The so-called “Evidentiary Hearing” was a farce, a transcript of 10 pages shows that there was little discussed, and the DNR was not called in to testify!
The “DNR Proxy Route” carried through to Staff Briefing Papers and to the Public Utilities Commission’s ultimate Order. Here’s the story from that Order:
“To enable a like-for-like comparison of route alternatives for which a route could be feasibly issued, Xcel developed a DNR Proxy Route that incorporated the most reasonable route segments in regions where the DNR supported more than one route segment.” Hmmmm, no mention of the DNR’s support of more than one segment crossing the Mississippi — the Purple Route and Route Segment 246 of the Blue Route. How did they get by with this omission?
The last line, “G” of that chart includes the Mississippi River Crossing, and it does NOT include the DNR’s preference of the “Purple Route” or Route Segment 246 of the Blue Route, bot utilizing existing Mississippi River crossings.
Once more with feeling:
In this map above, note how the Route Segment 246, proposed to utilize existing transmission for the Mississippi River crossing and route, was inexplicably routed not on the existing transmission side of County Road 8, proposed to utilize existing transmission corridor, but on the side of County Road 8 with NO transmission and with a large cluster of lakefront homes!

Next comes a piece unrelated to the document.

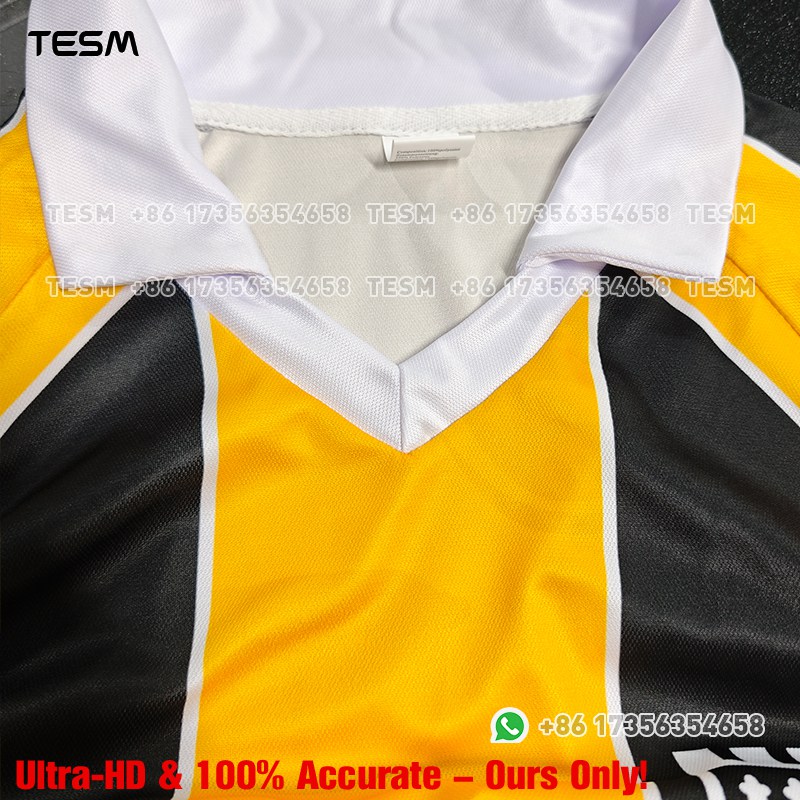 Męska koszulka polo w stylu retro z 2005 roku, czarno-żółta koszulka piłkarska w pionowe paski, sportowa koszulka z krótkim rękawem, strój drużynowy.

Xcel dismissed these two alternatives in Direct Testimony of Langan and attachments:
And then there’s the matter of burying the DNR Comments. The DNR is the agency charged with protection of our natural resources. Despite this charge, the Comments were hidden in the “Combined Hearing Exhibit” list filed by Xcel, and in the Dept. of Commerce’s long list of exhibits identified only by the eDockets filing number. The DNR Comments were not made an independent part of the record, and agency Comments were not identified in the “Combined Hearing Exhibit List.” Instead, these Comments were entered in a jumble of all the Comments received, with 15 links to batches of “Public Scoping Comments” labeled EERA-4. The DNR’s multiple Comments are buried within eDocket Document ID 20243-204514-03, pages 183-220 of the 227 page “Combined Hearing Exhibit List” filing. Is that nearly impossible to find? You betcha. To find them requires believing, knowing, that they’re there somewhere, opening each link and scrolling through thousands of pages of comments. Another DNR Comment is in the Xcel Application, Appendix E, which also requires knowing it’s there, and though the DNR Comment in Xcel’s Application is cited, once, it does not mention the opening sentence about the Mississippi River crossing stating its strong preference for an existing Mississippi River crossing. That initial sentence was repeated as the initial sentence of each comment regarding the Mississippi River crossing, yet omitted…
Note that when the ALJ in her Recommendation cites the DNR, she’s more often using “Xcel’s Response to Hearing Comments” which incorrectly characterizes, misstates, and omits the DNR’s strong preference of an existing Mississippi River crossing. If the ALJ cites actual DNR Comments, it’s from eDockets, and not a hearing exhibit from the “Combined Hearing Exhibits list, so not referring to a hearing exhibit! Hmmmmmmm…
This river crossing segment is a roughly 3.2 mile section of the 185 mile route, maybe 1.8% of this route? A similar portion of the cost? How hard can it be to route the transmission line with the existing transmission line along County Road 8, avoid all those lakeshore homes they’re so concerned about, and use an existing crossing of the Mississippi River?
We shall see… we’re asking Xcel to stop land acquisition activities on this small section, stop construction prep, stop final engineering, etc., as this winds it way through Ramsey County Court. Yes, we shall see…
p.s. look at this map, look at the pink transmission line alongside of County Road 8. In the Draft and Final EIS, that transmission line disappears as it heads to, or from, the northwest, it disappears to the right of the river crossing. Yes, it disappears! It’s hard to see here — I need to make a HUGE copy of this map!